Bug 507309

Summary: installroot option fails
Product: [Fedora] Fedora Reporter: Anil Seth <seth.anil>
Component: rpmAssignee: Panu Matilainen <pmatilai>
Status: CLOSED ERRATA QA Contact: Fedora Extras Quality Assurance <extras-qa>
Severity: medium Docs Contact:
Priority: low    
Version: 11CC: borgan, cwhuang, ffesti, james.antill, jnovy, j, kdudka, mads, n3npq, pmatilai, roth, tim.lauridsen
Target Milestone: ---   
Target Release: ---   
Hardware: All   
OS: Linux   
Whiteboard:
Fixed In Version: 4.7.1-3.fc11 Doc Type: Bug Fix
Doc Text:
Story Points: ---
Clone Of: Environment:
Last Closed: 2009-10-27 06:35:31 UTC Type: ---
Regression: --- Mount Type: ---
Documentation: --- CRM:
Verified Versions: Category: ---
oVirt Team: --- RHEL 7.3 requirements from Atomic Host:
Cloudforms Team: --- Target Upstream Version:
Embargoed:

Description Anil Seth 2009-06-22 09:50:02 UTC
Description of problem:

--installroot option fails. Can't update a fedora 11 image.
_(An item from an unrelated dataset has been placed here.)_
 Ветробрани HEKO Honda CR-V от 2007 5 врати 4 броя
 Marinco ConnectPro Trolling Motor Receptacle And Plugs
-bash-4.0$ sudo yum --installroot=/mnt list mplayer
Loaded plugins: dellsysidplugin2, fastestmirror, presto, refresh-packagekit
Traceback (most recent call last):
  File "/usr/bin/yum", line 29, in <module>
    yummain.user_main(sys.argv[1:], exit_code=True)
  File "/usr/share/yum-cli/yummain.py", line 309, in user_main
    errcode = main(args)
  File "/usr/share/yum-cli/yummain.py", line 157, in main
    base.getOptionsConfig(args)
  File "/usr/share/yum-cli/cli.py", line 189, in getOptionsConfig
    self.conf
  File "/usr/lib/python2.6/site-packages/yum/__init__.py", line 652, in <lambda>
    conf = property(fget=lambda self: self._getConfig(),
  File "/usr/lib/python2.6/site-packages/yum/__init__.py", line 239, in _getConfig
    self._conf = config.readMainConfig(startupconf)
  File "/usr/lib/python2.6/site-packages/yum/config.py", line 794, in readMainConfig
    yumvars['releasever'] = _getsysver(startupconf.installroot, startupconf.distroverpkg)
  File "/usr/lib/python2.6/site-packages/yum/config.py", line 873, in _getsysver
    hdr = idx.next()
StopIteration


However, without the sudo, it works

-bash-4.0$ yum --installroot=/mnt list mplayer
Loaded plugins: dellsysidplugin2, fastestmirror, presto, refresh-packagekit
Available Packages
mplayer.x86_64                1.0-0.109.20090329svn.fc11                 rpmfusion-free

But, it seems to use the cache of the host.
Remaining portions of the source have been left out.